Exercise goal
All of the records need to be retyped exactly, with no line dropped.

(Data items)
BEGIN
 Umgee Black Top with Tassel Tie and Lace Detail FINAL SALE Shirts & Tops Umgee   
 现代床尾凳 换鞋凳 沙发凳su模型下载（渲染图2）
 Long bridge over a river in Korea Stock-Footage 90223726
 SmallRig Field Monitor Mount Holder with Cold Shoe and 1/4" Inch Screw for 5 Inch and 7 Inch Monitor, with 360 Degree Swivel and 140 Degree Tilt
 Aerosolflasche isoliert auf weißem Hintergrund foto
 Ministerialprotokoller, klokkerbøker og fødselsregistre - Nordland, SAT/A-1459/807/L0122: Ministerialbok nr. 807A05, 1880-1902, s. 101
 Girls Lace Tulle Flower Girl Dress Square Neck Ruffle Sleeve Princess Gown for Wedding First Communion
END
Result of the exercise
 Umgee Black Top with Tassel Tie and Lace Detail FINAL SALE Shirts & Tops Umgee   
 现代床尾凳 换鞋凳 沙发凳su模型下载（渲染图2）
 Long bridge over a river in Korea Stock-Footage 90223726
 SmallRig Field Monitor Mount Holder with Cold Shoe and 1/4" Inch Screw for 5 Inch and 7 Inch Monitor, with 360 Degree Swivel and 140 Degree Tilt
 Aerosolflasche isoliert auf weißem Hintergrund foto
 Ministerialprotokoller, klokkerbøker og fødselsregistre - Nordland, SAT/A-1459/807/L0122: Ministerialbok nr. 807A05, 1880-1902, s. 101
 Girls Lace Tulle Flower Girl Dress Square Neck Ruffle Sleeve Princess Gown for Wedding First Communion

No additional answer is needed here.